■ **TASK DETAILS**
Beginning with the line containing "Jeep Gladiator Mojave Crew Cab 4WD" and going on through the line containing "2023 Nissan X-Trail", the lines below are to be returned exactly, pictures excluded and nothing added.

■ **EXTRACTED DATA**
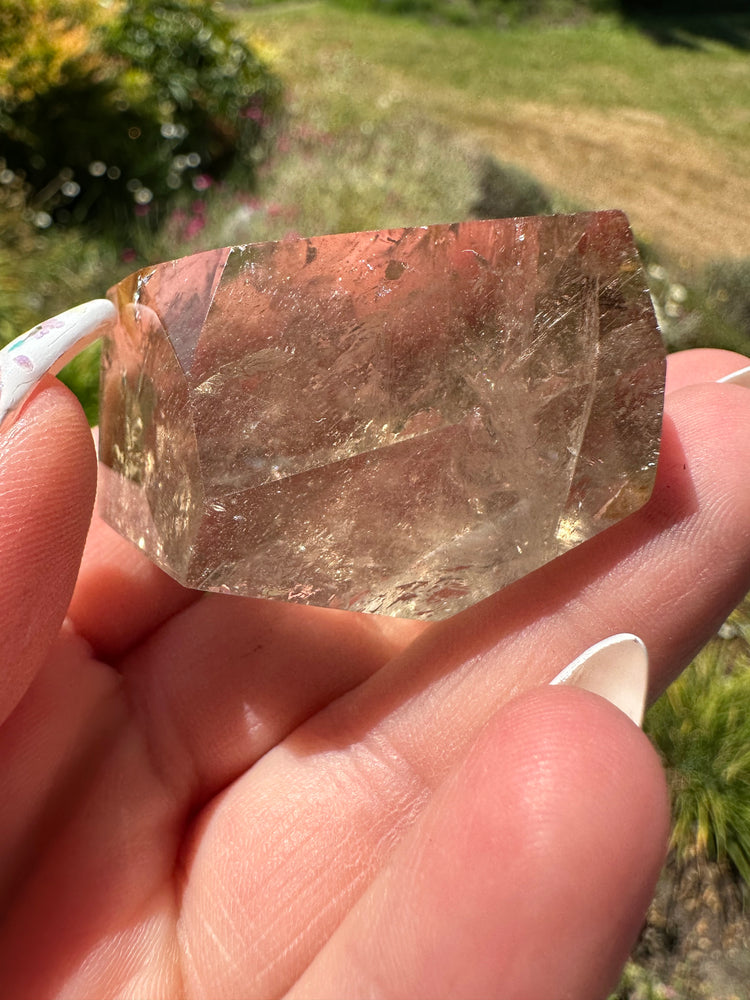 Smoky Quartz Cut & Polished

--

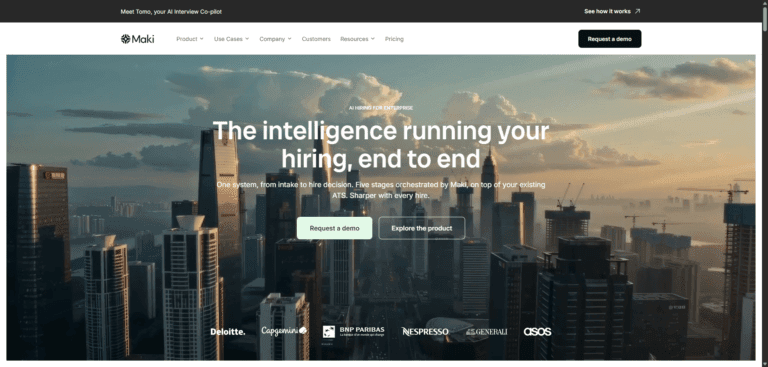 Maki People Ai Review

---

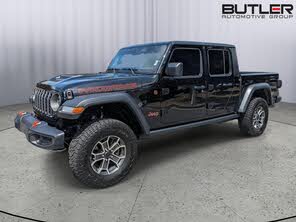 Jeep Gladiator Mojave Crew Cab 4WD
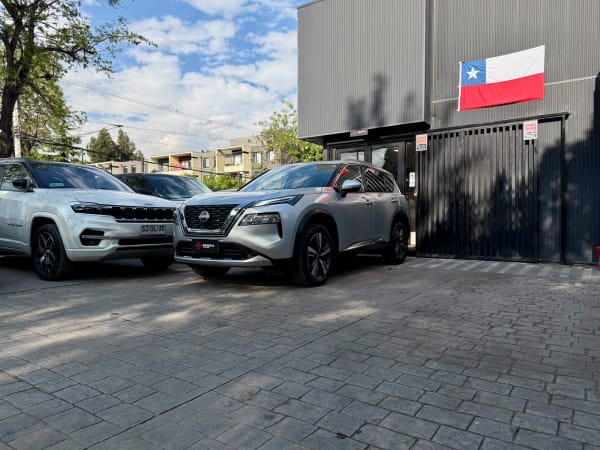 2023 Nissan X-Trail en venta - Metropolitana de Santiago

■ **WRITTEN SOLUTION**
 Jeep Gladiator Mojave Crew Cab 4WD
 2023 Nissan X-Trail en venta - Metropolitana de Santiago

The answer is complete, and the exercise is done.